▼
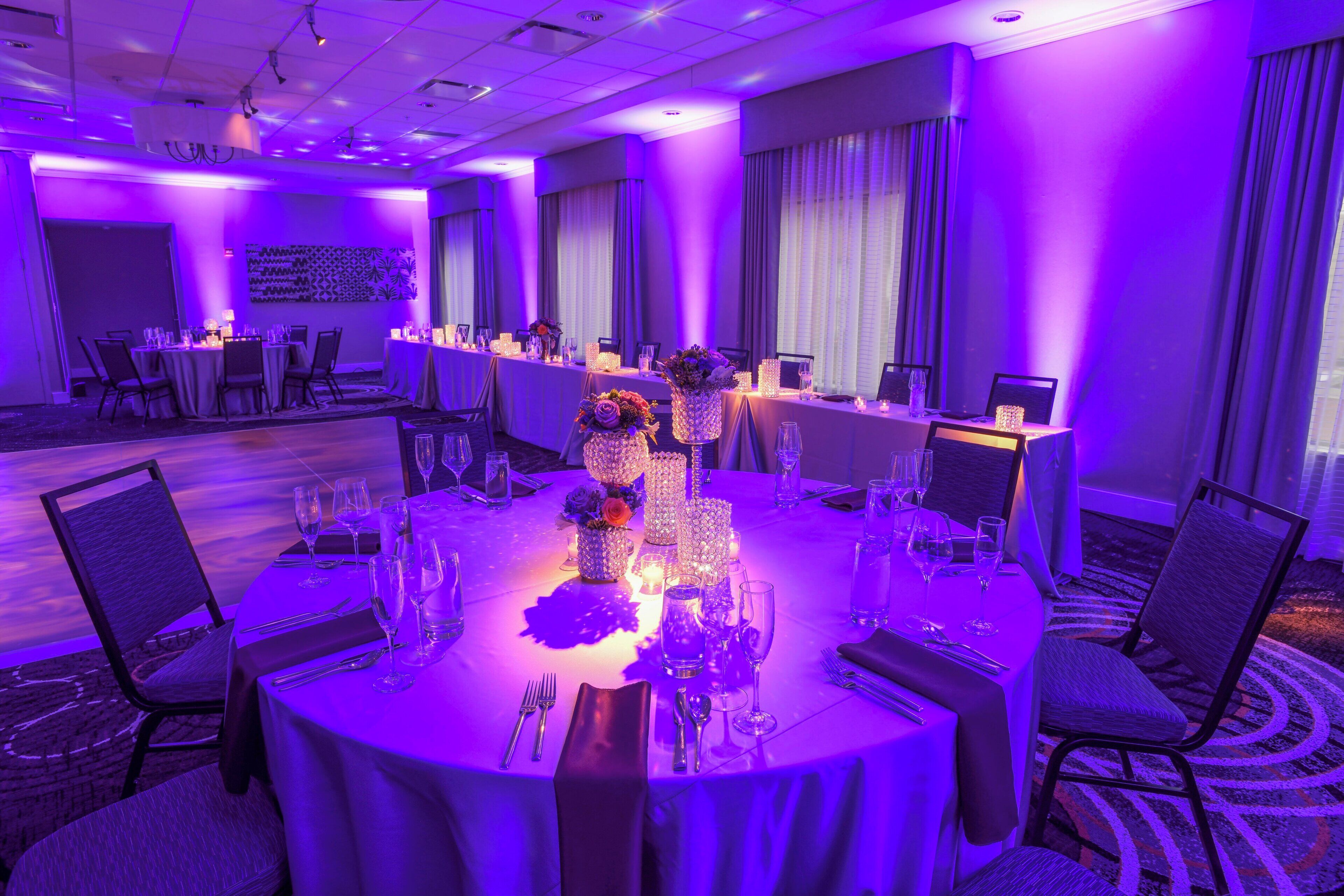 A hotel dining area with round tables, chairs, and a buffet setup.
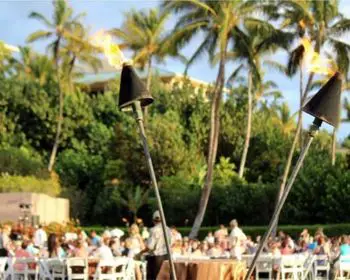Two tiki torches at a traditional luau on Maui.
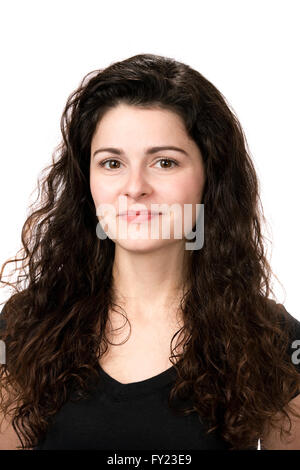 Portrait of a young confident businesswoman with dark curled hair. Stock Photo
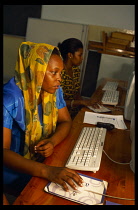 Tanzania, Education, Two women sitting at computers during training class for Health workers.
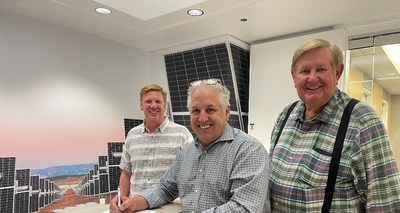 From left to right: Christian Gardner, Luigi Resta and Kem Gardner pose for a photo while Luigi signs the Green River Energy Center Power Purchase Agreement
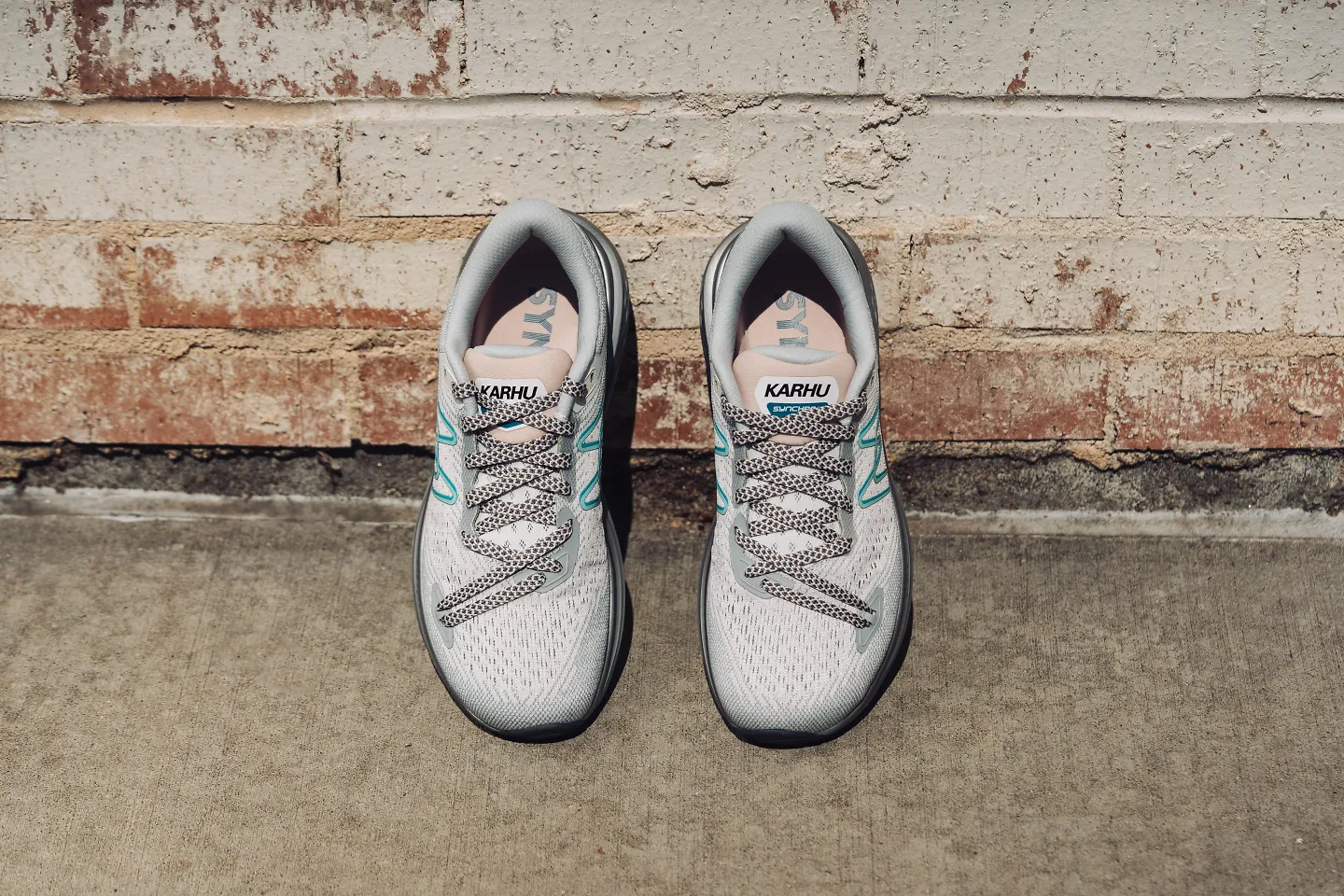 A pair of women's Karhu Synchron sits propped up against a wall.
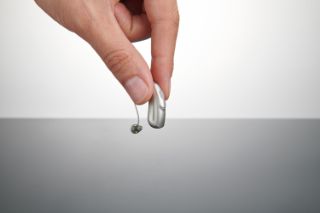 Someone picking up a hearing aid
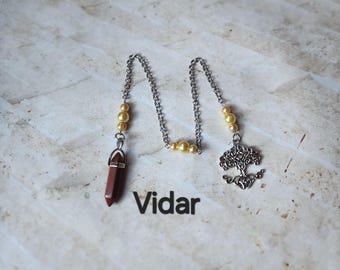 Puede incluir: Un marcapáginas de cadena plateada con un colgante de cristal marrón y un dije de árbol de la vida plateado. La cadena tiene cuentas doradas. La palabra "Vidar" está impresa en negro.
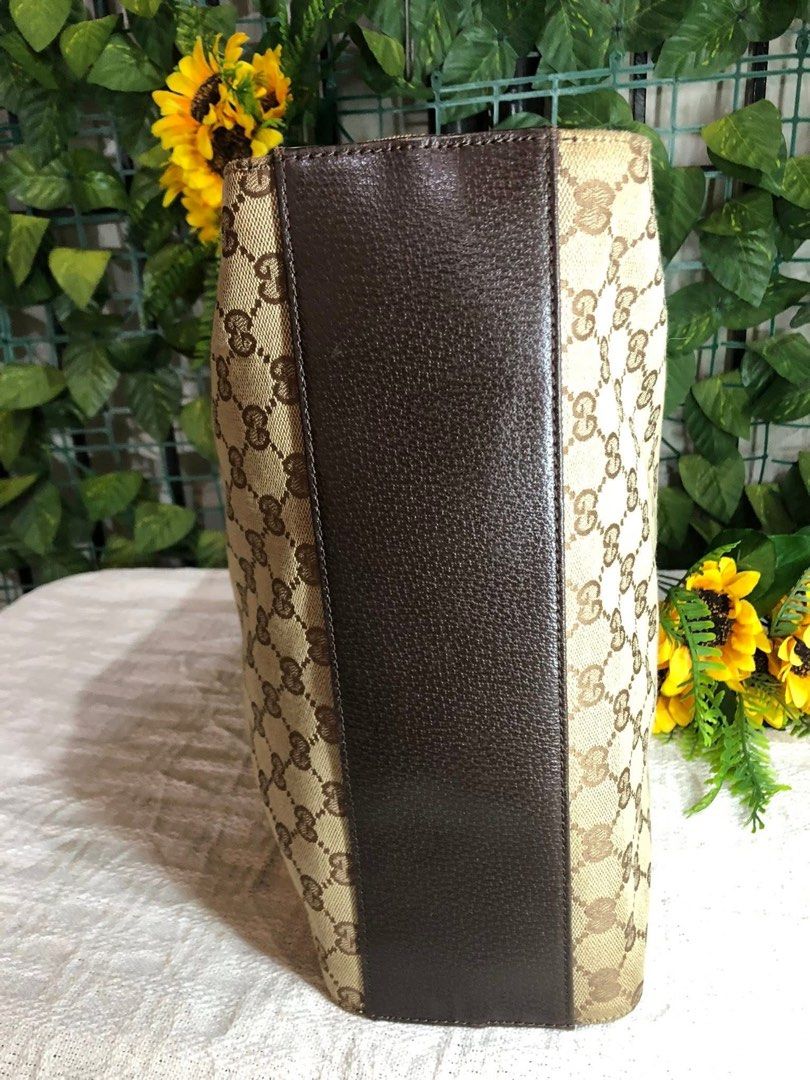 Gucci GG Canvas Tote Bag (Category: Luxury Bags & Wallets) located in Davao. Submitted by 4mscllection (Listing ID 1444176716, Image 3). Description: - Authentic Gucci tote bag - Classic GG canvas with leather trim - Spacious interior with zippered pocket - Dark brown leather handles and accents - Great for everyday use.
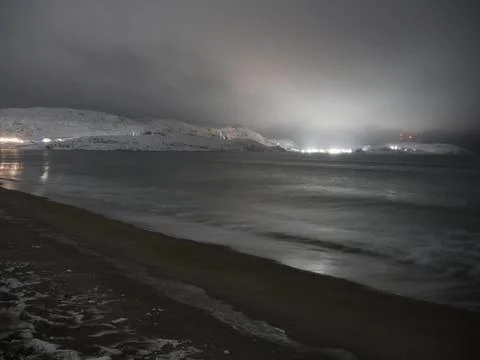 Waves on the winter cold shore of the Barents Sea during the polar night. Stock Photos
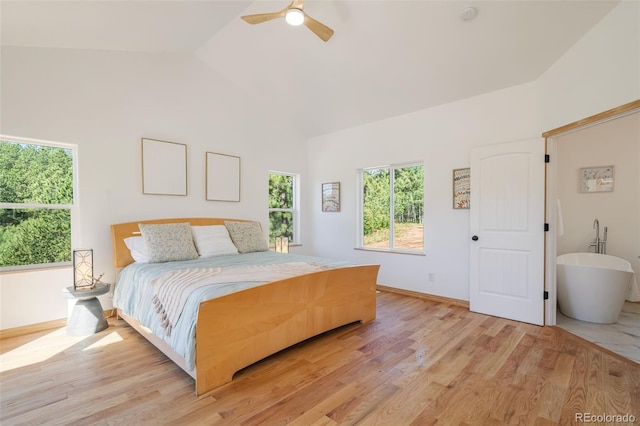 bedroom with multiple windows, light wood-style floors, a ceiling fan, high vaulted ceiling, and baseboards
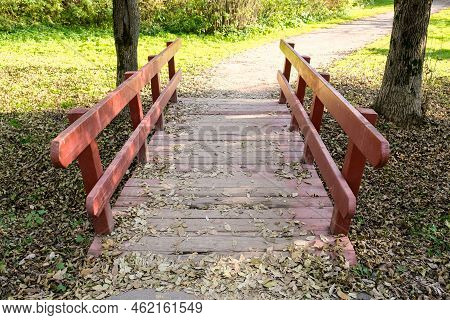 Small Wooden Brodge With Red Railings In A Park In Sunny Day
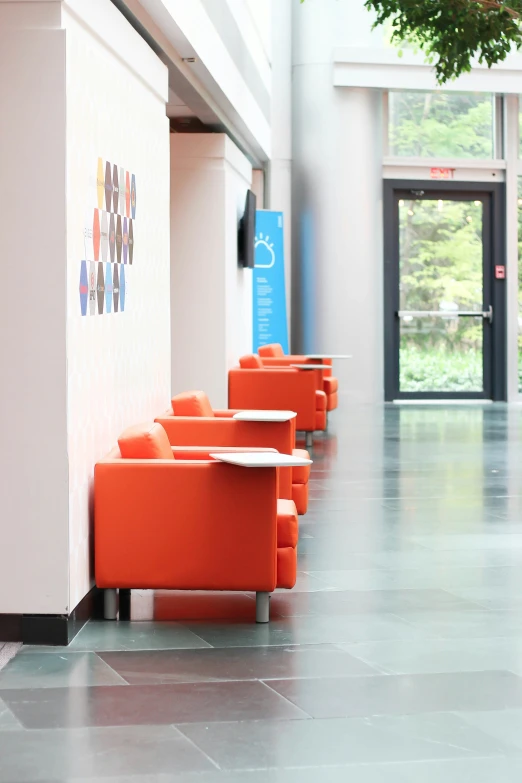 orange chairs are lined up in a large hall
▲
TASK DIRECTIONS =
Give again, word for word, every line from the top of the data above to the line holding "From left to", inclusive, with the pictures left out.

FINISHED EXERCISE =
 A hotel dining area with round tables, chairs, and a buffet setup.
Two tiki torches at a traditional luau on Maui.
 Portrait of a young confident businesswoman with dark curled hair. Stock Photo
 Tanzania, Education, Two women sitting at computers during training class for Health workers.
 From left to right: Christian Gardner, Luigi Resta and Kem Gardner pose for a photo while Luigi signs the Green River Energy Center Power Purchase Agreement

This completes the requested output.